(Scraped caption text data)
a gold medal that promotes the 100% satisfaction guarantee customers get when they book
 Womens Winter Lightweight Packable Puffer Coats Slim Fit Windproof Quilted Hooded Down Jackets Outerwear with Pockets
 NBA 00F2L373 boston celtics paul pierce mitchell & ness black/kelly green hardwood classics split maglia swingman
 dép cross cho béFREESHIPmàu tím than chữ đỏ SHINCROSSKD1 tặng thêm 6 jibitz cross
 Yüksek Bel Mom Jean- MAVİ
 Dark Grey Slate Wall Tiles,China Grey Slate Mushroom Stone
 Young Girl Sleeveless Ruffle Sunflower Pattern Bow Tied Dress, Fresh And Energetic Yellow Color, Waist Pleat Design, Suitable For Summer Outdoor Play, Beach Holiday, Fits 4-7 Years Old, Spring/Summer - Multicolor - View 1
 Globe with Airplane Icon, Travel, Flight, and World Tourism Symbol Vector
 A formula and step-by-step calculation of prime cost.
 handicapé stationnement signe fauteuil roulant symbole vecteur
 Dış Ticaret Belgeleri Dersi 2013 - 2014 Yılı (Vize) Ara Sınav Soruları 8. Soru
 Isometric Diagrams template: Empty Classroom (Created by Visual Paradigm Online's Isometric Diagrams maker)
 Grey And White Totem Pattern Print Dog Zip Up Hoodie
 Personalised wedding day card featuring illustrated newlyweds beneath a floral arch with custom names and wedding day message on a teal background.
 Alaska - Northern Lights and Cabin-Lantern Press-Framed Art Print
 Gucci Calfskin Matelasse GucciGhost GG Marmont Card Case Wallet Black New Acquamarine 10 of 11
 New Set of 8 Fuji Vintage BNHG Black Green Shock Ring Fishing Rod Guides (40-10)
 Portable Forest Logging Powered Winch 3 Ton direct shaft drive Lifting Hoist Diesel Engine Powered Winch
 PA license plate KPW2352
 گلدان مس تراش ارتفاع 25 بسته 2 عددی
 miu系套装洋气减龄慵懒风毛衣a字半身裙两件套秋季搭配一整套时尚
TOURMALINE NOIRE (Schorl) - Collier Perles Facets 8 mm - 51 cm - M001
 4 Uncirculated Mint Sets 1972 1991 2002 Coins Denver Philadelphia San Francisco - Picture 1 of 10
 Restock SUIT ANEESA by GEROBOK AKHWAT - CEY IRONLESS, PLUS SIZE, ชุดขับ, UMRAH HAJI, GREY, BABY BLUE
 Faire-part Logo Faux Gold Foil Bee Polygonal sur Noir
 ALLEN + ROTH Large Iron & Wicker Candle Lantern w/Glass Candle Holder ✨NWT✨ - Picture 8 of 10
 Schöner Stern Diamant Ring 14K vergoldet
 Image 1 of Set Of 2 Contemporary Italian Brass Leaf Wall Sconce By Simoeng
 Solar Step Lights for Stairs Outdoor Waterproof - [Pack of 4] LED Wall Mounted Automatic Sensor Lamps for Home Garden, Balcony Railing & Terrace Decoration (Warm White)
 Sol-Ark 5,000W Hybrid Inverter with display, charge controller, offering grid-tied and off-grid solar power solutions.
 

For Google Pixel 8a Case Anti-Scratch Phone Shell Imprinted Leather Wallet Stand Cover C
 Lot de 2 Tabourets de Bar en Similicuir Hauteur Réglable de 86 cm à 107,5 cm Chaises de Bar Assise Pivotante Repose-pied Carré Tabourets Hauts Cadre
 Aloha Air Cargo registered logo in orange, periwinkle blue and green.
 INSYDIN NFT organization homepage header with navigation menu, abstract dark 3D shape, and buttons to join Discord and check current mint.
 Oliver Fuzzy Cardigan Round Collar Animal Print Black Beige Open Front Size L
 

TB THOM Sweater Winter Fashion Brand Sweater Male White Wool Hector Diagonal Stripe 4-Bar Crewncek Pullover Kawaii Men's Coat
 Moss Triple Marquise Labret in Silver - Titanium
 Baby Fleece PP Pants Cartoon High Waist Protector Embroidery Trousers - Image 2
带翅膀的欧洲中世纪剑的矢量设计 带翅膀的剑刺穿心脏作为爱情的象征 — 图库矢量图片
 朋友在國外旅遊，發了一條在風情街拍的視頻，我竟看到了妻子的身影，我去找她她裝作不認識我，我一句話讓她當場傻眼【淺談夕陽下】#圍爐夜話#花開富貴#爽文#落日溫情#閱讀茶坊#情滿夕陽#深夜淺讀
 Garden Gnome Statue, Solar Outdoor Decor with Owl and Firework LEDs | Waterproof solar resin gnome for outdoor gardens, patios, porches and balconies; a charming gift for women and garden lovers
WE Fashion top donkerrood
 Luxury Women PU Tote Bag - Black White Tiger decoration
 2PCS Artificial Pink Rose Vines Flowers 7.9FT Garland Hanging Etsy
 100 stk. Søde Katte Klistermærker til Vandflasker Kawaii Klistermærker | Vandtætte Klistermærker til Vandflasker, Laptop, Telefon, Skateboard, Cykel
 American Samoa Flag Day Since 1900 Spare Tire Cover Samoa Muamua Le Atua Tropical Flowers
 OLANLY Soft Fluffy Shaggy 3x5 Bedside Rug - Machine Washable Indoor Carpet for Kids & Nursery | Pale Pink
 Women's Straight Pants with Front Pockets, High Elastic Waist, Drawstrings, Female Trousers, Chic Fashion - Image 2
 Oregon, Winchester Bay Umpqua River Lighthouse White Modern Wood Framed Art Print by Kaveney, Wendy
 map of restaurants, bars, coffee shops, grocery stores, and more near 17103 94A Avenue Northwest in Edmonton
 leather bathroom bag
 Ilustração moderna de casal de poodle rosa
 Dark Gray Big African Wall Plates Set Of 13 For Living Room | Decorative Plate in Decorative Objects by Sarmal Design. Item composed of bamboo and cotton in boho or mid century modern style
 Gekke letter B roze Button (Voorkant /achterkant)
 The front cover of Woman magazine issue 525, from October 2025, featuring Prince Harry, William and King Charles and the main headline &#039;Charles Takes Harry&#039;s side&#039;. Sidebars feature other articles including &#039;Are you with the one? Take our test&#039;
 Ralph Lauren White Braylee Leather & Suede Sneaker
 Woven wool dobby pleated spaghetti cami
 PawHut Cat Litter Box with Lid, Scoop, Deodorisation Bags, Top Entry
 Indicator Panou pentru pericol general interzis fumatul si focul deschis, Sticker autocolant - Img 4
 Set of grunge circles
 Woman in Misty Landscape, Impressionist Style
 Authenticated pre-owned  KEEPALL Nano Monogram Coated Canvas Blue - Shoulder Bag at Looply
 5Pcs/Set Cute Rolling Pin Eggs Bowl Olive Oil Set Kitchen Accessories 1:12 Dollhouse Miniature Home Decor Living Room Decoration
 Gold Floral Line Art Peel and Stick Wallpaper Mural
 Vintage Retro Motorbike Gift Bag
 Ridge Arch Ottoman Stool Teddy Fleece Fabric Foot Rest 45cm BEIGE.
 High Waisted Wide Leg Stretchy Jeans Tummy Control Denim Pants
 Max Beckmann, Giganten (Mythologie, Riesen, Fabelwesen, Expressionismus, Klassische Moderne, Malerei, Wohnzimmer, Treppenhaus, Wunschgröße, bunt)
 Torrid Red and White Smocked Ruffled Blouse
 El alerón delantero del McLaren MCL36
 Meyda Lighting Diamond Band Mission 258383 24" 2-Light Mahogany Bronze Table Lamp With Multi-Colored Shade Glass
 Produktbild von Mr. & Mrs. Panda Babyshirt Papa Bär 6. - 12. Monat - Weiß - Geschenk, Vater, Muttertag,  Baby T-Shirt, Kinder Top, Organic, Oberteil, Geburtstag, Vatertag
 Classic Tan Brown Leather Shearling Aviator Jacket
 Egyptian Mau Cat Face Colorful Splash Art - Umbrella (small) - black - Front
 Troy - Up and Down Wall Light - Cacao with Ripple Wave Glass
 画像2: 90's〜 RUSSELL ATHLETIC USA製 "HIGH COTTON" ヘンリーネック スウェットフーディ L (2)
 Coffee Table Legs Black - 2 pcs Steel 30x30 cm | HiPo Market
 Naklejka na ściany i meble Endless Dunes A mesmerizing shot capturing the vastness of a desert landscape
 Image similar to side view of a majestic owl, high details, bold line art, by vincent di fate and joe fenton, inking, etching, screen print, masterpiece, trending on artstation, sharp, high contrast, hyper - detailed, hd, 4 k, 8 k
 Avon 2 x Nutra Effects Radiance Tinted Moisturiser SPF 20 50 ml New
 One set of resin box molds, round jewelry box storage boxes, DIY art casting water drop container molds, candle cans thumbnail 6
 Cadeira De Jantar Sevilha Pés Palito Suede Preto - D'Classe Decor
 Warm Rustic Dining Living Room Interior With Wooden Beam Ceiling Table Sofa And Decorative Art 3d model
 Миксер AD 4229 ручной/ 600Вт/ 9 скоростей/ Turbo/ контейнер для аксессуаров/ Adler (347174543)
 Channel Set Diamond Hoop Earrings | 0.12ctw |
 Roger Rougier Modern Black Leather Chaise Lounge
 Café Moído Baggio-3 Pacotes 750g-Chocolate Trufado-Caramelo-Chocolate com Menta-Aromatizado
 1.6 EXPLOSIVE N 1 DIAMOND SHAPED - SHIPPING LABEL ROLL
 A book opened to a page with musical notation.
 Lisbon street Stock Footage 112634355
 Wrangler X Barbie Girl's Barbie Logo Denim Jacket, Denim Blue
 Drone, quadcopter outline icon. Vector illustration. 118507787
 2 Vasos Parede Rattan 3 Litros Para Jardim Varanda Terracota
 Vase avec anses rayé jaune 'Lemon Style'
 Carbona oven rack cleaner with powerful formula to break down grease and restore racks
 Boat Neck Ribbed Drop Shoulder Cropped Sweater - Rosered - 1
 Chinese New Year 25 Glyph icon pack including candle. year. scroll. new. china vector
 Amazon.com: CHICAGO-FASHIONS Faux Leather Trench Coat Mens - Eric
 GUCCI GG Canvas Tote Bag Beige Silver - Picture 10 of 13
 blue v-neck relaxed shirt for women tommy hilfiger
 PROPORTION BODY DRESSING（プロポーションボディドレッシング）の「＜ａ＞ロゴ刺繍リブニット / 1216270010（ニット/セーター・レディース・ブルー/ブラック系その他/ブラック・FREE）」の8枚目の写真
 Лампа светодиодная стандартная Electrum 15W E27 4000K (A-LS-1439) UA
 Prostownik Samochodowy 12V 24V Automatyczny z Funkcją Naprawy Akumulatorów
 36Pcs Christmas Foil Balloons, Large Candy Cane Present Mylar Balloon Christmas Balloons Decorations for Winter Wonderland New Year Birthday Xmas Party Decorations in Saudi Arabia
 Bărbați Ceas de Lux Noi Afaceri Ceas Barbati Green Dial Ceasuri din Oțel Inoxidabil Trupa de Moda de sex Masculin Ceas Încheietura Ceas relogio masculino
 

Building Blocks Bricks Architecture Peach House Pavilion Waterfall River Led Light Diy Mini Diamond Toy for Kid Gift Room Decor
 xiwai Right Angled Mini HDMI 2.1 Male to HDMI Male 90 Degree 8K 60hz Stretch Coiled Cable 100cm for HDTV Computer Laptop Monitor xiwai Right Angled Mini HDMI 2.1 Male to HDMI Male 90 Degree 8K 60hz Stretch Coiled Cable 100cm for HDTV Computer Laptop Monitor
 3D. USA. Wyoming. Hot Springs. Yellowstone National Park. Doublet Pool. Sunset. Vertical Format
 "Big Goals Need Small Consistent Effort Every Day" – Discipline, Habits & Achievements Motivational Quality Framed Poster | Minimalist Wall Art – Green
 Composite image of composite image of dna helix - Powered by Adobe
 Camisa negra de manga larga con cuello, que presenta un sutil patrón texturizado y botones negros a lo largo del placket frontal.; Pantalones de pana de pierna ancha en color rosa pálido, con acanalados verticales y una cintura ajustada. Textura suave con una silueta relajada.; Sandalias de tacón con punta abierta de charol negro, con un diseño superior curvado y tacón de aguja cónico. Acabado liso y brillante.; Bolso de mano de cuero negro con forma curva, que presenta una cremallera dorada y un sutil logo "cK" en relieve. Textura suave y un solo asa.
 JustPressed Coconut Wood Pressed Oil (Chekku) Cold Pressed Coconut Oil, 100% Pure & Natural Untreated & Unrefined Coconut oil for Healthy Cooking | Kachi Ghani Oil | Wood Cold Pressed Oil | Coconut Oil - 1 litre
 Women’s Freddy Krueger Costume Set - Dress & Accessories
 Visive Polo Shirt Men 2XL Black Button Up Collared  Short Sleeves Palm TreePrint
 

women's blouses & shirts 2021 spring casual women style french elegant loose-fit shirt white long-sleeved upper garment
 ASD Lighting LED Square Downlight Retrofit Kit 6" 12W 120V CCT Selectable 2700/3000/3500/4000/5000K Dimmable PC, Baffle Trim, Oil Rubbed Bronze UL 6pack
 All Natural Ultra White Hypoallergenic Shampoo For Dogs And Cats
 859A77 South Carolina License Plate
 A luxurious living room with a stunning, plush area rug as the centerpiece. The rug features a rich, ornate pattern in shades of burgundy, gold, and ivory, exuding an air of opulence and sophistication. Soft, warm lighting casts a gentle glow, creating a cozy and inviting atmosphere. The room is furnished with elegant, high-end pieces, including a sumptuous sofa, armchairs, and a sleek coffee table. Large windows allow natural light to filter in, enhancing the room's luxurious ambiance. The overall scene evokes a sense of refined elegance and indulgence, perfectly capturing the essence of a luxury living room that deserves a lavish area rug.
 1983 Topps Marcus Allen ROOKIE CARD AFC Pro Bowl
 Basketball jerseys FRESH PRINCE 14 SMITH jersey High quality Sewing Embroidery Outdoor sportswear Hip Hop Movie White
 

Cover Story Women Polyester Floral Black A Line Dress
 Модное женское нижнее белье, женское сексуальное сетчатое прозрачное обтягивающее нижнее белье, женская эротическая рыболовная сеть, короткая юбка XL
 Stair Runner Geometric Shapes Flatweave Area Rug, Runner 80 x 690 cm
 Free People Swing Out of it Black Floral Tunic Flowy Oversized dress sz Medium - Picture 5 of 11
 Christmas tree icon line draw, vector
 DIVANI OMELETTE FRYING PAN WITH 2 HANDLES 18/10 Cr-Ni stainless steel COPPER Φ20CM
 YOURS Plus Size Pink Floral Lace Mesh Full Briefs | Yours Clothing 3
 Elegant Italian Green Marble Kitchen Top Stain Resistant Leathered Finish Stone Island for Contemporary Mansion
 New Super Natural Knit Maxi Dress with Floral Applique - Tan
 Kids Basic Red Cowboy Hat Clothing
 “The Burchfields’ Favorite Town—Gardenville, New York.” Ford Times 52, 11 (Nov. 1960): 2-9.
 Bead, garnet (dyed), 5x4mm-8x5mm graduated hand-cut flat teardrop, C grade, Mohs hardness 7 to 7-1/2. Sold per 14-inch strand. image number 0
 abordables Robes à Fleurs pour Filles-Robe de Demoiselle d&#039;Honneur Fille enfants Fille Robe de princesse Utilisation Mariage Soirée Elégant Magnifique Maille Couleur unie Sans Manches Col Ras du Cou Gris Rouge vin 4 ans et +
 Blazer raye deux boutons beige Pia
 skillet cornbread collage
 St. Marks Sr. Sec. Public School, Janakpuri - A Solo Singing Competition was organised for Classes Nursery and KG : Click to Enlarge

Work item: Search the data for the word "Flowers" and copy each line where it appears.

Answer to this task:
 2PCS Artificial Pink Rose Vines Flowers 7.9FT Garland Hanging Etsy
 American Samoa Flag Day Since 1900 Spare Tire Cover Samoa Muamua Le Atua Tropical Flowers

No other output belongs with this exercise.